Mortgage lenders that service home loans have their own take on the financial, mortgage and credit crisis and have their own problems also.
Q: I think you should consider the cost incurred in servicing delinquent loans before declaring that lenders profit from servicing them.
Most servicers of mortgage loans must remit payments to the investor in a specified time regardless if the borrower made the payment. Servicers are required by the servicing agreement to treat delinquent mortgages in a specific manner. Certified mailing of notices of default, telephone contact, and drive-by property inspections are just a few of the additional tasks a servicer may be contractually obligated to perform.
Since these attritional tasks require additional personal to accomplish, the servicer incurs additional direct cost in addition to the cost of making the principal and interest payments as well as tax and insurance payments as specified in the servicing agreement.
All in all, servicers would much rather have every borrower pay on time and not be required to take extraordinary measures to collect or foreclose on a borrower.
A: Thank you for your comment. We have received comments like yours in the past, but we still don’t understand why servicers are still understaffed, lose paperwork, and fail to provide customer service to their borrowers that are attempting to refinance or modify their loans with those lenders.
In today’s mail, we received yet another complaint from a homeowner of not being able to get her lender’s designated contact person (a big national bank) to return her call for most of last year, despite having a court order to do so.
It would seem from your comment that servicers must be going broke based on the large number of foreclosures and other problem loans that are out there. However, many servicers are part of large banks that are the same banks reporting large profits over the last couple of years. Those same banks may have received government funds during the height of the financial crisis and are, in many instances, the same institutions that outsourced much of the foreclosure process to companies that have now been found to have had severe problems in the manner in which they process the paperwork in those files.
If you are correct in your assumption that servicers don’t make much money handling their loan files, it would seem that the servicers would be up in arms trying to get rid of their servicing arms or trying to get the investors to pay more for their services. The public has not heard that story from the servicers. Instead, we hear about multi-million dollar settlements with federal officials that acknowledge this sort of behavior and how well the banks seem to be doing.
There is a disconnect with the manner in which you relate how servicers work within their industry and the information that seems to come out from those same institutions.
Yes, everybody would be better off if all borrowers made their payments on time, but the financial disaster that occurred during the last decade has eliminated that possibility for millions of Americans.
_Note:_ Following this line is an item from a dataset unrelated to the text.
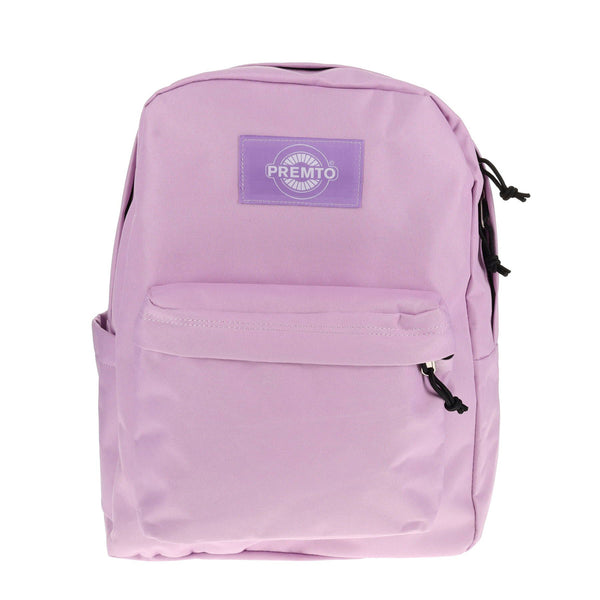 Premto Pastel 26L Backpack Wild Orchid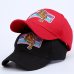 2017 new 1994 BUBBA GUMP SHRIMP CO. Baseball cap men&women Sport Summer Cap Embroidered summer Hat Forrest Gump Costume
So the question now is will the servicers come to the plate and actually work with their borrowers to get their loans modified or refinanced?
Some mortgage and loan servicers are better than others. In a free market, borrowers would try to fire their servicers and have better servicers handle their loans. Or, if the investors had their say, wouldn’t the investors fire those same servicers if they were handling the servicing of their loans poorly?
We’re kind of skeptical about the information provided by mortgage and loan servicers these days. On the one side those same institutions show that they are profitable, yet on the other hand it almost seems from your letter that those same servicers are between a rock and a hard place between defaulting borrowers and investors looking for their proceeds from the loans they hold.
We welcome information from the servicers on where things actually stand almost four years after the crash.